Why does my validation loss increase, but validation accuracy perfectly matches training accuracy?

I am building a simple 1D convolutional neural network in Keras. Here is the model:

def build_model():

    model = models.Sequential()
    model.add(layers.SeparableConv1D(64, kernel_size=2, activation="relu", input_shape=(64,20)))
    model.add(layers.SeparableConv1D(64, kernel_size=2, activation="relu"))
    model.add(layers.MaxPooling1D(4))
    model.add(layers.Flatten())
    model.add(layers.Dense(128, activation="relu"))
    model.add(layers.Dense(128, activation="relu"))
    model.add(layers.Dropout(0.1))
    model.add(layers.Dense(1, activation="sigmoid"))

    model.compile(
        optimizer='rmsprop',
        loss='binary_crossentropy',
        metrics=[
            keras.metrics.BinaryAccuracy(),
        ],
    )
    
    #model.summary()
    
    return model

When I train my model on roughly 1500 samples, I always get my training and validation accuracy completely overlapping and virtually equal, reflected in the graph below. This is making me think there is something fishy going on with my code or in Keras/Tensorflow since the loss is increasing dramatically and you would expect the accuracy to be affected at least somewhat by this. It looks like it is massively overfitting and yet only reporting the accuracy values for the training set or something along those lines. When I then test on a test set, the accuracy is nowhere near the 85 to 90 percent reported on the graph, but rather ~70%.

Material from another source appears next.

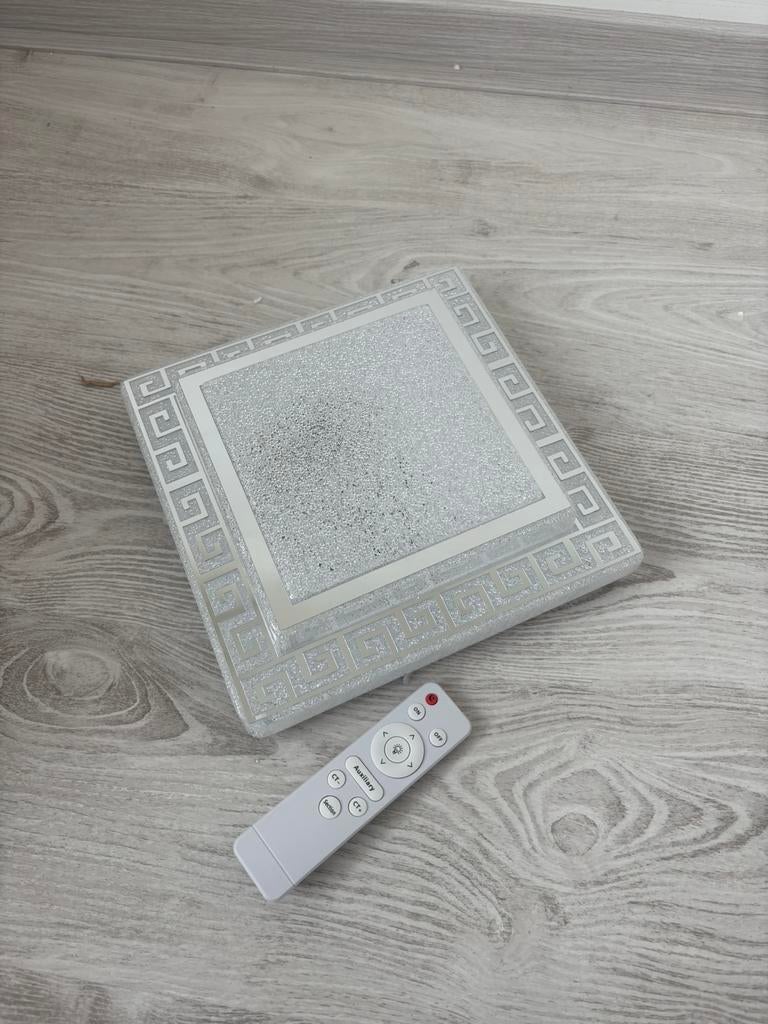 Vierkant plafondlamp versace model nieuw 3 kleur dimbaar, Ophalen of Verzenden, Nieuw, Overige materialen, Eric kuster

Any help is greatly appreciated, I have been stuck on this for the longest time. Below is the training code.

#Define the number of folds... this will give us an 80/20 split
k = 5
epochs = 100
num_val_samples = len(x_train) // k
scores_binacc = []
scores_precision = []
scores_recall = []
histories = []

#Train the dense model in k iterations
for i in range(k):
    print('Processing fold #', i)
    val_data = x_train[i * num_val_samples : (i + 1) * num_val_samples]
    val_targets = y_train[i * num_val_samples : (i + 1) * num_val_samples]
    
    print('Validation partition =  ', i * num_val_samples, (i + 1) * num_val_samples)
    print('Training partition 1 = ', 0, i * num_val_samples)
    print('Training partition 2 = ', (i+1) * num_val_samples, len(x_train))
    
    partial_train_data = np.concatenate(
        [
            x_train[:i * num_val_samples],
            x_train[(i+1) * num_val_samples:]
        ], 
        axis=0
    )
    
    partial_train_targets = np.concatenate(
        [
            y_train[:i * num_val_samples],
            y_train[(i+1) * num_val_samples:]
        ],
        axis=0
    )
    
    model = build_model()
    h = model.fit(
        partial_train_data, 
        partial_train_targets, 
        validation_data=(val_data, val_targets),
        epochs=epochs, 
        verbose=1
    )
    
    val_loss, val_binacc = model.evaluate(val_data, val_targets, verbose=0)
    scores_binacc.append(val_binacc)
    #scores_precision.append(val_precision)
    #scores_recall.append(val_recall)
    histories.append(h)

Maybe you’re overfitting but the underlying relationships are simple so your validation set still has decent accuracy but higher loss.

I feel like the change in accuracy could be caused by shuffling. Are you shuffling your data during training but not on test data? Does order matter for your problem?